BEGIN
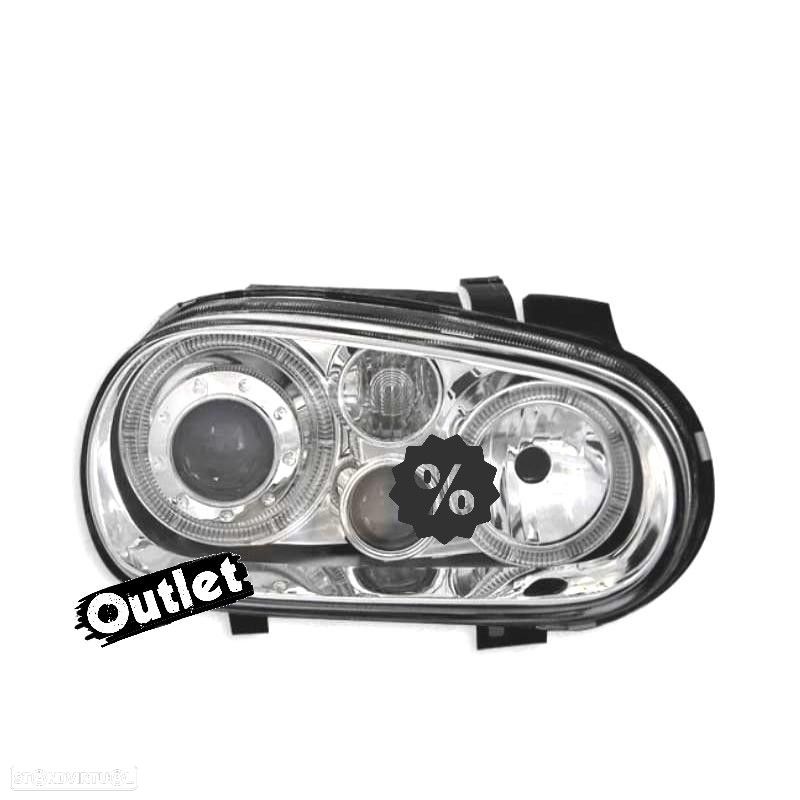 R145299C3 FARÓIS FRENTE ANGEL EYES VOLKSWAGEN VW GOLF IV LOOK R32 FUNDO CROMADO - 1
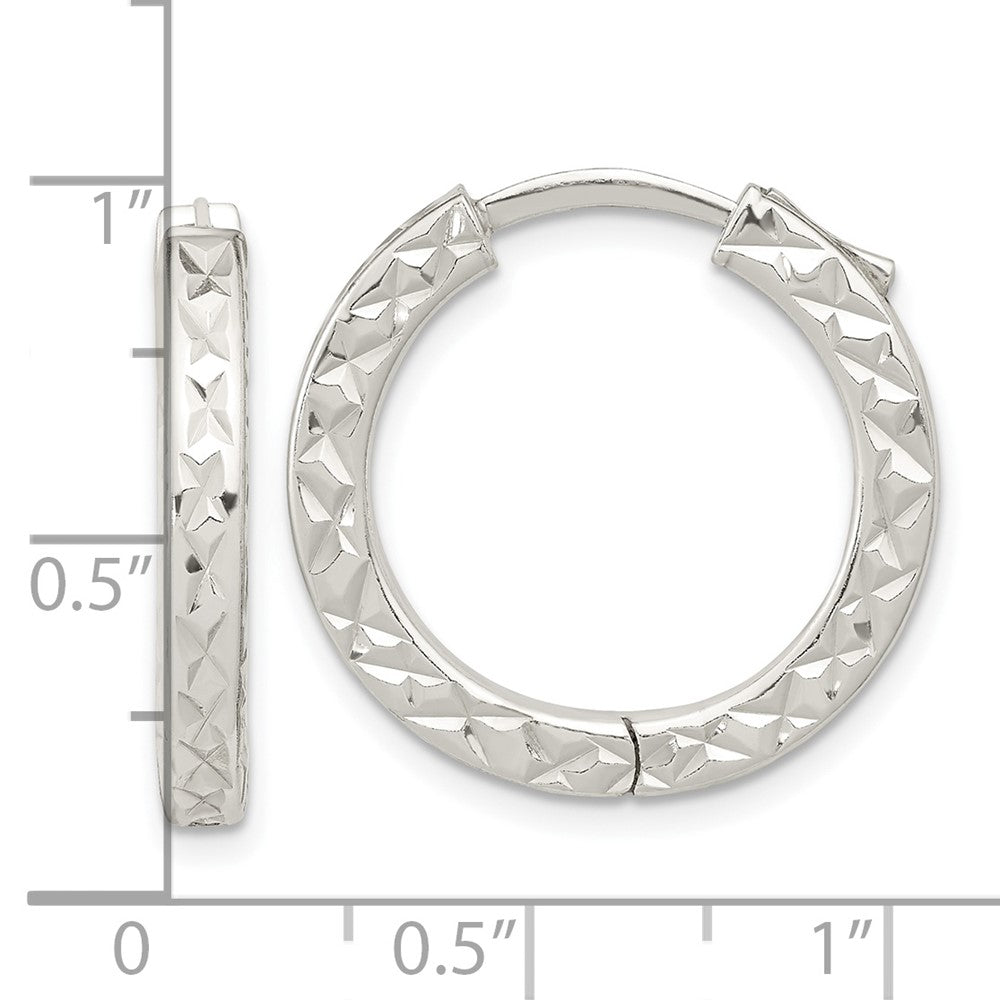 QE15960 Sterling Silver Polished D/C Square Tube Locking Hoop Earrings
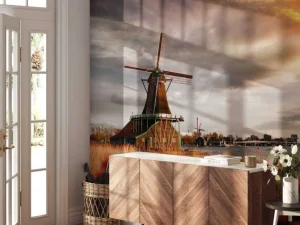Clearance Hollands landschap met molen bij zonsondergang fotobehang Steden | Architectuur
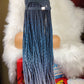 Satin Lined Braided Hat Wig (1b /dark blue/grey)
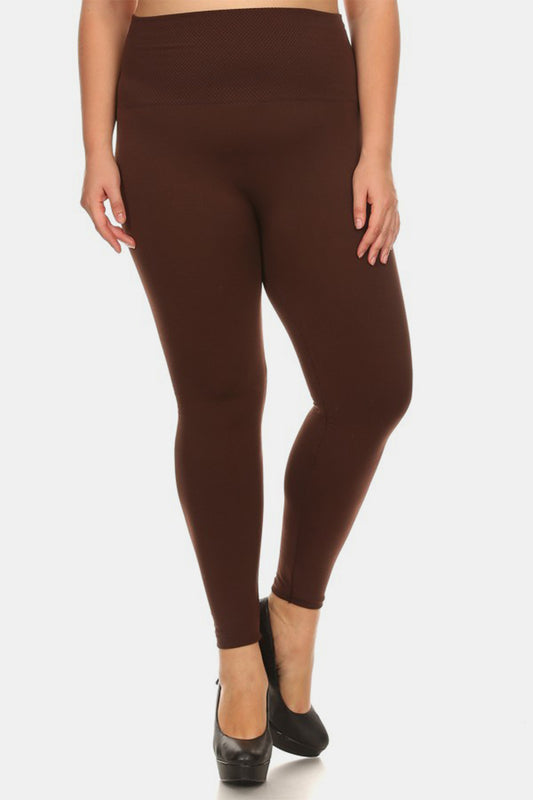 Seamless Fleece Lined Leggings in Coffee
END
◆ TASK BRIEF:
Your answer should consist solely of the lines from the one holding "Clearance Hollands landschap" through the end of the listing, reproduced exactly and without pictures.

◆ SOLUTION TO THIS PROBLEM:
Clearance Hollands landschap met molen bij zonsondergang fotobehang Steden | Architectuur
 Satin Lined Braided Hat Wig (1b /dark blue/grey)
 Seamless Fleece Lined Leggings in Coffee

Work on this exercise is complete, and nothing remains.